Archbishop Bourne and the Congo Question

From The Arthur Conan Doyle Encyclopedia

Archbishop Bourne and the Congo Question is a correspondence between Arthur Conan Doyle and Francis Bourne, Archbishop of Westminster, first published in The Times on 5 november 1909.


Archbishop Bourne and the Congo Question

The Times (5 november 1909)

The Tablet publishes the following correspondence between Archbishop Bourne and Sir A. Conan Doyle :-


Windlesham, Crowborough, Sussex.
Oct. 15. 1909.

Dear Archbishop Bourne, - I send you a copy of my book on the Congo, in the hope that you may find time to read it. Should the facts contained in it move you, perhaps you still give us your weighty support in the Congo Reform Association.

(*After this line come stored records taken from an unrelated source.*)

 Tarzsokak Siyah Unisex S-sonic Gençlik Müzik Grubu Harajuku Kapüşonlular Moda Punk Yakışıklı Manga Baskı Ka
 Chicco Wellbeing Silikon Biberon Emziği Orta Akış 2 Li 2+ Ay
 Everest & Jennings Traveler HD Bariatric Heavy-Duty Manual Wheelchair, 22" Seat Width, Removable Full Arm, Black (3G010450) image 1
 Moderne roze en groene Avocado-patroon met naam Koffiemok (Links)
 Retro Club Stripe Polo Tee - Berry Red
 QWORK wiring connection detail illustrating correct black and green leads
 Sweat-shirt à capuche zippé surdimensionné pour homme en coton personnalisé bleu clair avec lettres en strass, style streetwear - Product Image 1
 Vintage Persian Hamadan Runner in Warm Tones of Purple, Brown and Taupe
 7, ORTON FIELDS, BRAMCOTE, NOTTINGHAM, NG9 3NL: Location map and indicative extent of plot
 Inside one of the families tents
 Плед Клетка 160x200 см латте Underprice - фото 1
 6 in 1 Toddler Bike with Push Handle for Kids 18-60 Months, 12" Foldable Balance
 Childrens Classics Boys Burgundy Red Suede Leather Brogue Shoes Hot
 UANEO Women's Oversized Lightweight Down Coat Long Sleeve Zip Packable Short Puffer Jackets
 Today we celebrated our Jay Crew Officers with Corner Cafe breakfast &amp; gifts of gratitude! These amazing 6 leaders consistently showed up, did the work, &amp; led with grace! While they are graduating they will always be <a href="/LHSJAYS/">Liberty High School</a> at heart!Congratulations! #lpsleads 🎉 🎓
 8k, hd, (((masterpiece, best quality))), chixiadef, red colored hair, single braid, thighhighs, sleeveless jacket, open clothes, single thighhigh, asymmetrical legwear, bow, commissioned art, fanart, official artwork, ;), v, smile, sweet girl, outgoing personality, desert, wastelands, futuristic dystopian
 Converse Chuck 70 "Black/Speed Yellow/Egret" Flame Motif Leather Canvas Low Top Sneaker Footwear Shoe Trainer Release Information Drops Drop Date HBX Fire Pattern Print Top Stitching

An attempt is made by this gang of rubber merchants to antagonize their critics by pretending that it is a matter between Catholics and Protestants, or between English and Germans. It is, in truth, a matter between unscrupulous and heartless financial greed and humanity. Should you see your way to join us, as the Duke of Norfolk has done, it would be the best answer to this persistent attempt to sow trouble among Christians for the benefit of these traders.

As an example of how little religion has to do with the matter, the greatest outrage among the last batch which has reached us, which will shortly be published, was committed by an agent named Vancanter, who was an atheist, upon a Catholic catechist named Monkama, who came to pray in the station of Yele, on the Busiré River, in February 6, 1909. For being a Catholic he received 150 lashes from a whip garnished with nails, which flayed him to such an extent that five months afterward he was uncured. Dr. Dorpinghaus, of Barmen, Germany, and M. Johannsen, of Yele, were witnesses. The agent was, I need not say, never punished.

I trust that your Grace may see your way to come with us in this struggle. A message from you to the protest meeting, which will be held in November 19 at the Albert Hall, would bring all England into line.

Yours respectfully,



Archbishop's House, Westminster, S.W.,
Oct. 30, 1909.

My dear Sir, - I have delayed acknowledging your letter of the 15th, and thanking you for your book which accompanied it, in order to be able to find time to read what you have written. Now that I have done so, though naturally in somewhat hurried moments, you must pardon me if I say that the perusal has strengthened me in my distrust of the methods of the Congo Reform Association, and in my reluctance to see Catholics identified with it in any way.

I have sufficient knowledge of, and confidence in, the Bishops and other authorized leaders of public opinion in Belgium to feel assured that they have taken, and will continue to take, all legitimate means to bring about such reforms as have been shown to be necessary. The fact that men in their responsible position are disinclined to hold public meetings and refrain from proclaiming their opinions or their actions in loud and exaggerated tones on the house-tops is, in my judgment, no proof that they fail to perceive or neglect to perform their duty. I am not prepared to play the impertinent part of being their critic.

The meeting which it is proposed to hold in the Albert Hall seems to me most inopportune and very unfair, both to our own Government and to that of Belgium.

Believe me, my dear Sir, yours very faithfully,

FRANCIS, Archbishop of Westminster.

I think that you state that the exportation of rubber has not been diminished. I believe that the actual figures are :- Value in 1906, 48,000,000 francs ; in 1908, only 30,000,000.

Sir Arthur Conan Doyle.


Dear Archbishop Bourne, - I was very sorry to receive your letter. The news which has just reached us from Brussels that complete reforms are to be introduced is surely final evidence that the reformers here, who have been demanding them so long, were justified in that demand. It is a sad thing to see the venerable Catholic Church falling out of line with the rest of Christian England over this scandal - though, of course, I am aware that your personal motives are above question.

Yours faithfully,

Windlesham, Crowborough, Sussex, Nov, 1.


Dear Sir Arthur, - May I not with equal reason claim that the reforms now announced amply justify the confidence which I have always felt in the Bishops and other public men in Belgium ?

Influence is not less powerful when it works quietly.

I trust that you have no objection to the publication of the letters which have passed between us.

Believe me yours very faithfully,

FRANCIS, Archbishop of Westminster.
November 2.


Dear Archbishop Tiourne, - But the reform, such as it is, has come after eighteen years of a system which has lowered the good fame of Christianity and of civilization. It has now come, if it does come, as a result of the ever-increasing horror expressed by the world, and voiced not only by British, but by American, Swiss, French, and German Reform Associations.

The correspondence I leave entirely in your Grace's hands, but should desire this last letter to be included in it. With regrets that I should be in such strong dissent from your views.

I remain yours faithfully,

Windlesham, Crowborough, Sussex, Nov. 3.